> [TO DO]:
Each line of the records must appear in your answer exactly, with no pictures.

*** Opening EXTRACTED RECORDS ***

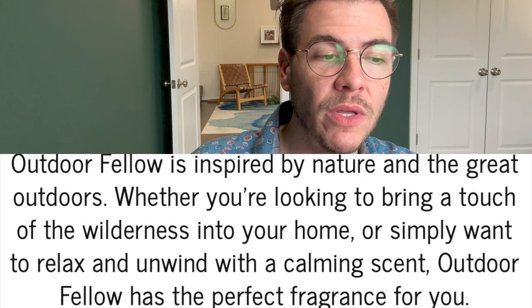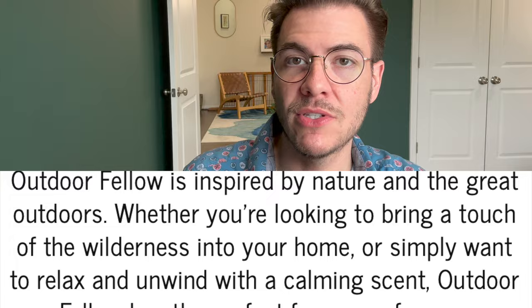Outdoor Fellow is inspired by nature and the great outdoors. Whether you're looking to bring a touch of the wilderness into your home or simply want to relax and unwind with a calming scent, Outdoor Fellow has the perfect fragrance for you. It is a small, family-run, founder-owned and operated business, started originally as a candle-making hobby, evolving into a business that Patrick Jones launched in 2018. All of their products are crafted, poured, blended, and designed in the U.S. What I also love is that 5% of every sale is donated to the Trust for Public Land, which helps support public parks and outdoor spaces.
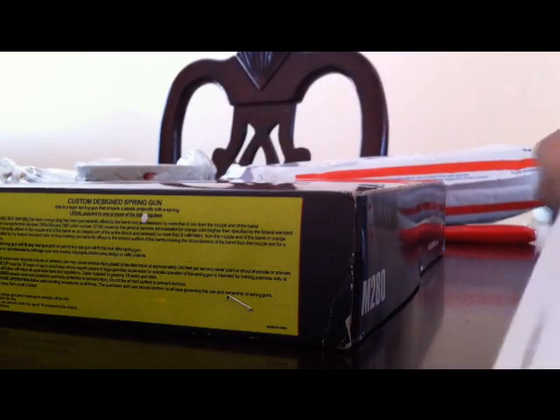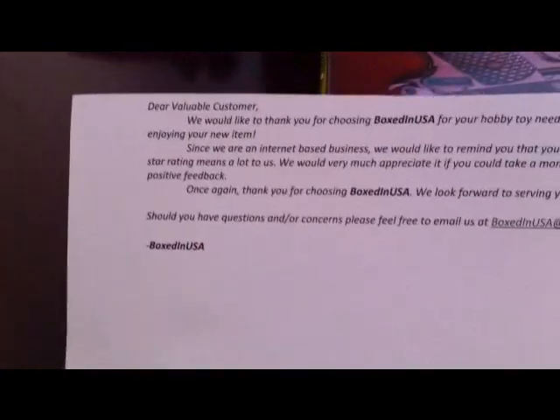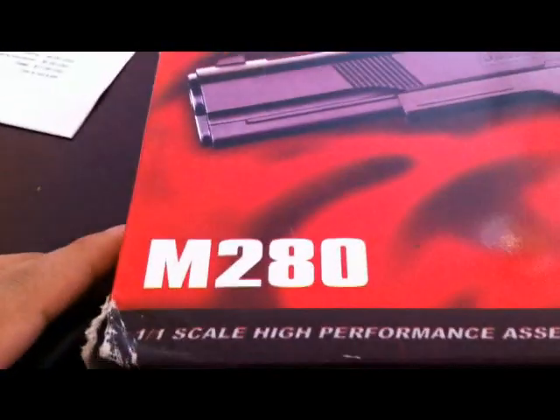Let me put this down a little bit. Here it is, just some note, and here's the gun. It's a UK Arms Brando M280.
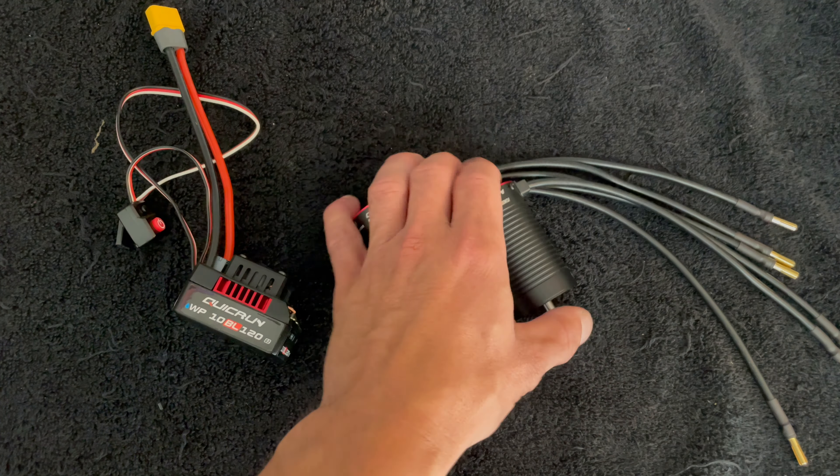Just like the Max 5, the Quick Run has a dedicated program port. The Quick Run series is going to work with the LED program card — the one that has the red numbers. The sticker may not match all new settings, but the instruction manual has a chart that covers everything. The Max series also works with the cost-effective LED box, plus the OTA and LCD box if you already have one. Quick Run only works with the LED box.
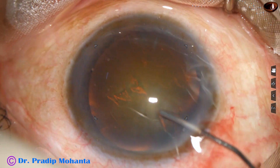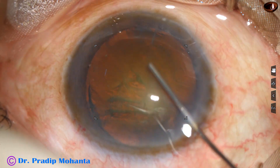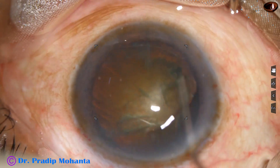Hydrodissection is done with a 27 gauge cannula and BSS. The nucleus is rotated.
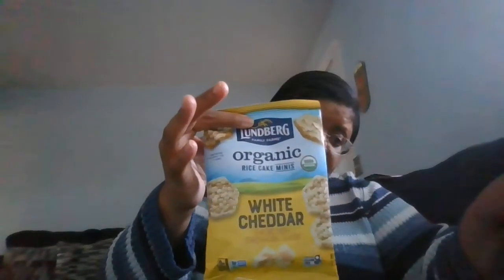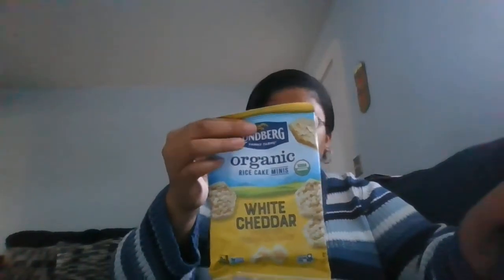Here is some Lundberg Family Farms organic rice cake minis — the white cheddar flavor. I'm trying to eat healthier, so this is going to be great for me because it's all organic and flavored with natural flavors. I'm going to do a review on this later because I'm going to eat these as a snack tonight and I'll let you all know how they taste.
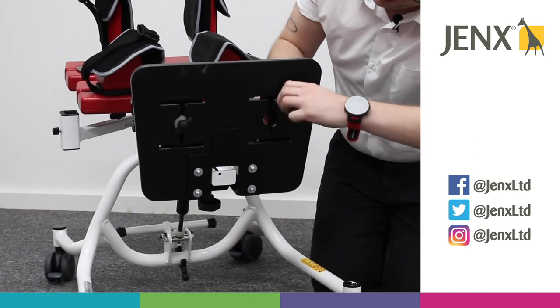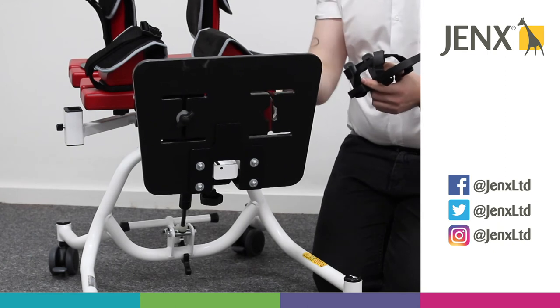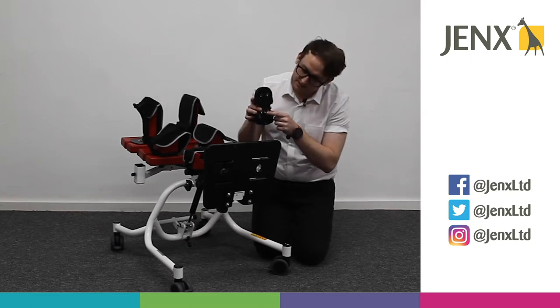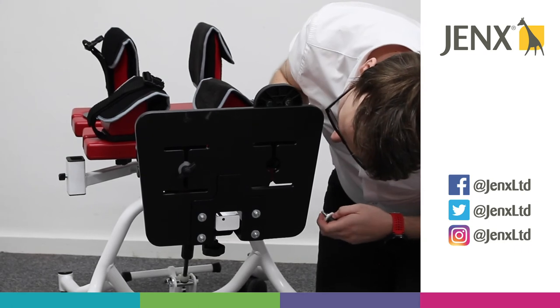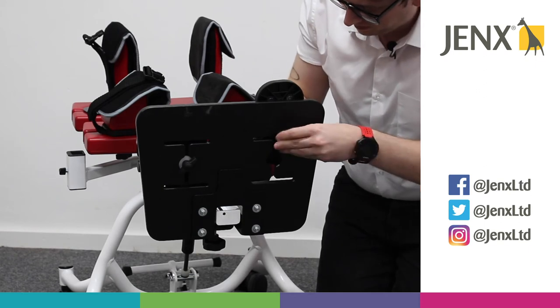Now, if it's an older product and you don't have the circular hole in the middle, we can fit the sandal by finding the runner which is inside the sandal here, lining that up to the horizontal slit, using the wing knob to locate the runner, and then tightening.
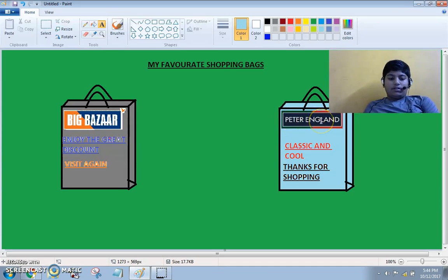I have taken the picture from Google. I have posted it here. I have used the text box and written, classic and cool. And I have written, thanks for shopping. This is because when the customers see this, they feel it's nice and they come back again and again. And here it's written, visit again. And it's written, enjoy the great discount. They think there's a lot of discount and come again.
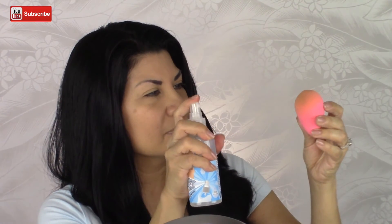Rosco says good night! At the end of my foundation application, I like to spray the Hellpore Mist onto my beauty blender to finish blending out my foundation. It gives my makeup a dewy glow.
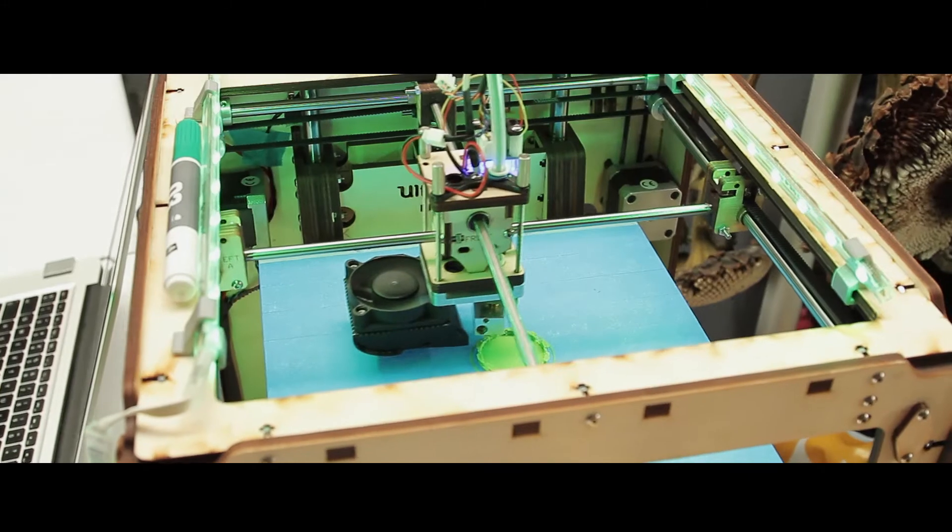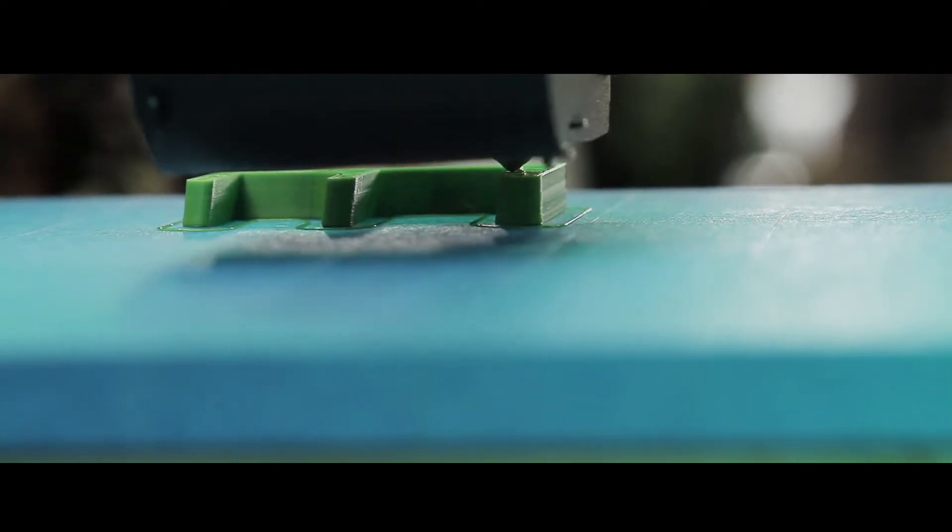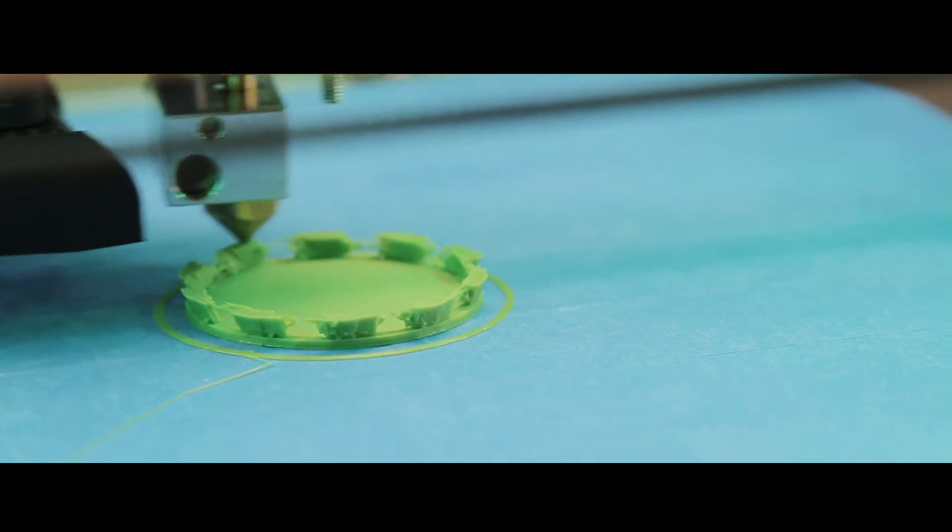We are here from Green Creative because we want to show the world how easy it is for 3D printing things in this bio-plastic material, PLA, which is made from ice or sugar and can be used again and again.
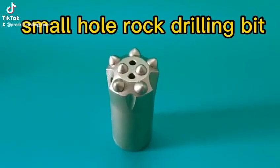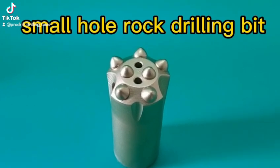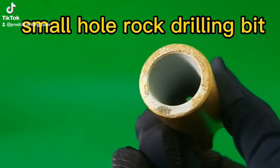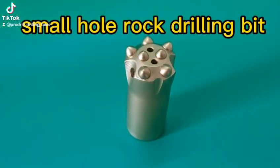Welcome to the broadcast of our small hole rock drilling bit. The diameter of this bit is 35mm. Skirt length is 71mm. The inner hole is zinc plated. The taper is 4 degrees and 46 minutes. It has two front and one side flushing holes.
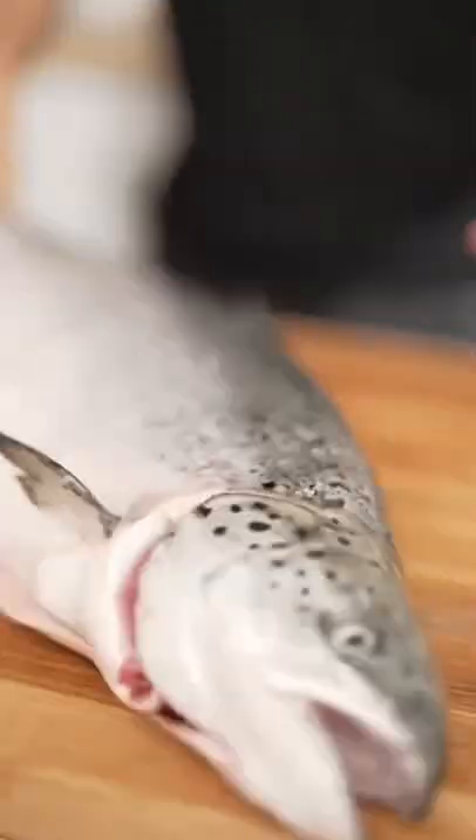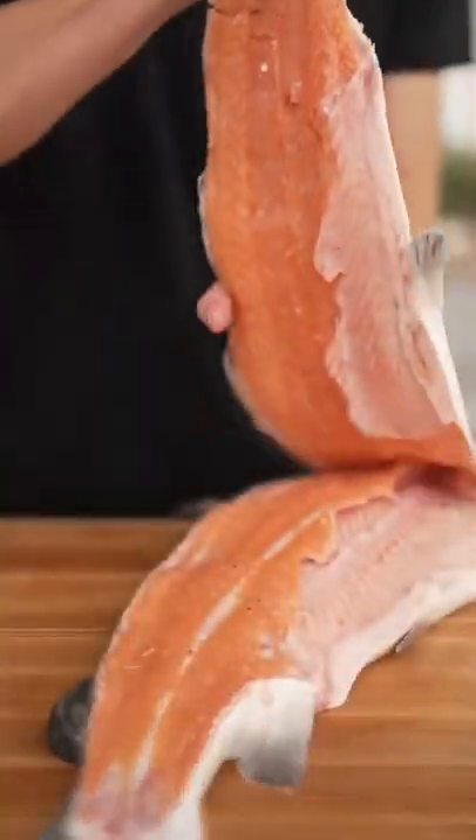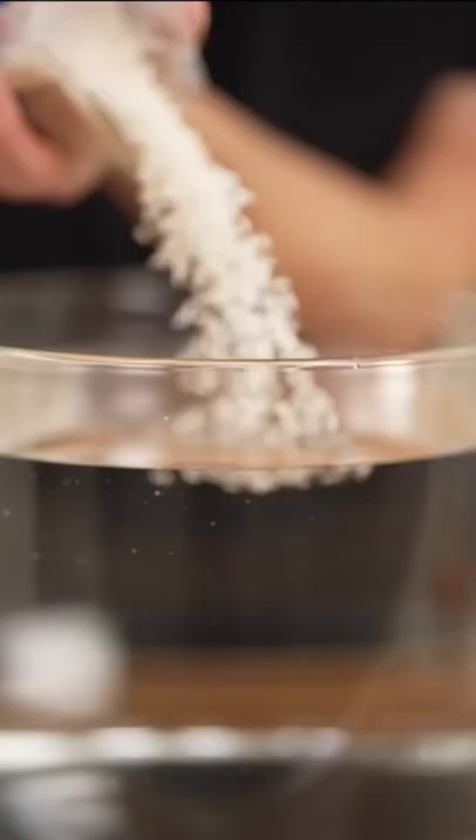Let's make crispy rice salmon with king salmon. Filet each side, then separate and scrape the fish off the spine. Set it aside and wash your sushi rice.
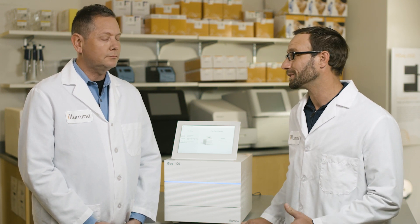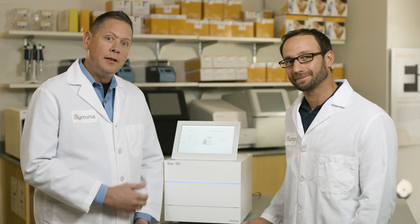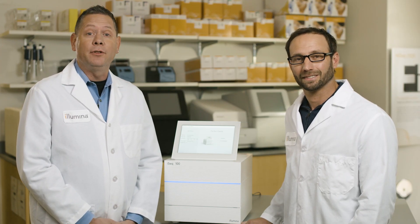You've now seen how easy it is to use the iSeq 100 system from setup to analysis. We're excited here at Illumina to bring a new partner into your lab, the iSeq 100, which makes NGS sequencing more accessible than ever.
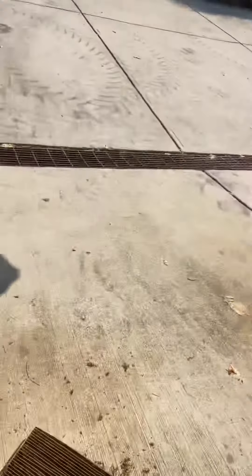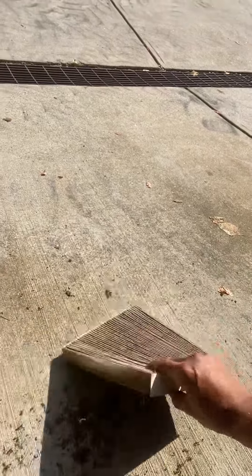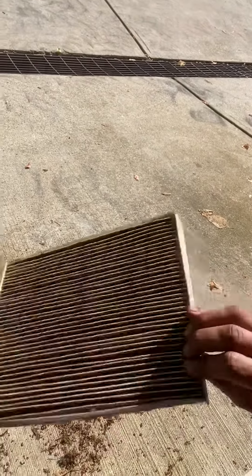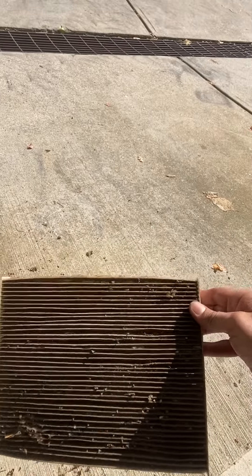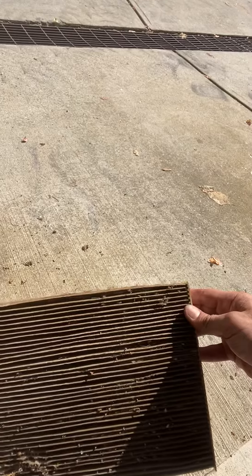There's gonna be a cabin air filter. If you want to learn how to take it out, look up videos — it's easy. This is the filter that came out of it. It's absolutely nasty. It's supposed to be white, but the car's an '08, so it's been there a while.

*** Closing EXTRACTED RECORDS ***

> [EXERCISE ANSWER]:
Outdoor Fellow is inspired by nature and the great outdoors. Whether you're looking to bring a touch of the wilderness into your home or simply want to relax and unwind with a calming scent, Outdoor Fellow has the perfect fragrance for you. It is a small, family-run, founder-owned and operated business, started originally as a candle-making hobby, evolving into a business that Patrick Jones launched in 2018. All of their products are crafted, poured, blended, and designed in the U.S. What I also love is that 5% of every sale is donated to the Trust for Public Land, which helps support public parks and outdoor spaces.
Let me put this down a little bit. Here it is, just some note, and here's the gun. It's a UK Arms Brando M280.
Just like the Max 5, the Quick Run has a dedicated program port. The Quick Run series is going to work with the LED program card — the one that has the red numbers. The sticker may not match all new settings, but the instruction manual has a chart that covers everything. The Max series also works with the cost-effective LED box, plus the OTA and LCD box if you already have one. Quick Run only works with the LED box.
Hydrodissection is done with a 27 gauge cannula and BSS. The nucleus is rotated.
Here is some Lundberg Family Farms organic rice cake minis — the white cheddar flavor. I'm trying to eat healthier, so this is going to be great for me because it's all organic and flavored with natural flavors. I'm going to do a review on this later because I'm going to eat these as a snack tonight and I'll let you all know how they taste.
Now, if it's an older product and you don't have the circular hole in the middle, we can fit the sandal by finding the runner which is inside the sandal here, lining that up to the horizontal slit, using the wing knob to locate the runner, and then tightening.
I have taken the picture from Google. I have posted it here. I have used the text box and written, classic and cool. And I have written, thanks for shopping. This is because when the customers see this, they feel it's nice and they come back again and again. And here it's written, visit again. And it's written, enjoy the great discount. They think there's a lot of discount and come again.
Rosco says good night! At the end of my foundation application, I like to spray the Hellpore Mist onto my beauty blender to finish blending out my foundation. It gives my makeup a dewy glow.
We are here from Green Creative because we want to show the world how easy it is for 3D printing things in this bio-plastic material, PLA, which is made from ice or sugar and can be used again and again.
Welcome to the broadcast of our small hole rock drilling bit. The diameter of this bit is 35mm. Skirt length is 71mm. The inner hole is zinc plated. The taper is 4 degrees and 46 minutes. It has two front and one side flushing holes.
Let's make crispy rice salmon with king salmon. Filet each side, then separate and scrape the fish off the spine. Set it aside and wash your sushi rice.
You've now seen how easy it is to use the iSeq 100 system from setup to analysis. We're excited here at Illumina to bring a new partner into your lab, the iSeq 100, which makes NGS sequencing more accessible than ever.
There's gonna be a cabin air filter. If you want to learn how to take it out, look up videos — it's easy. This is the filter that came out of it. It's absolutely nasty. It's supposed to be white, but the car's an '08, so it's been there a while.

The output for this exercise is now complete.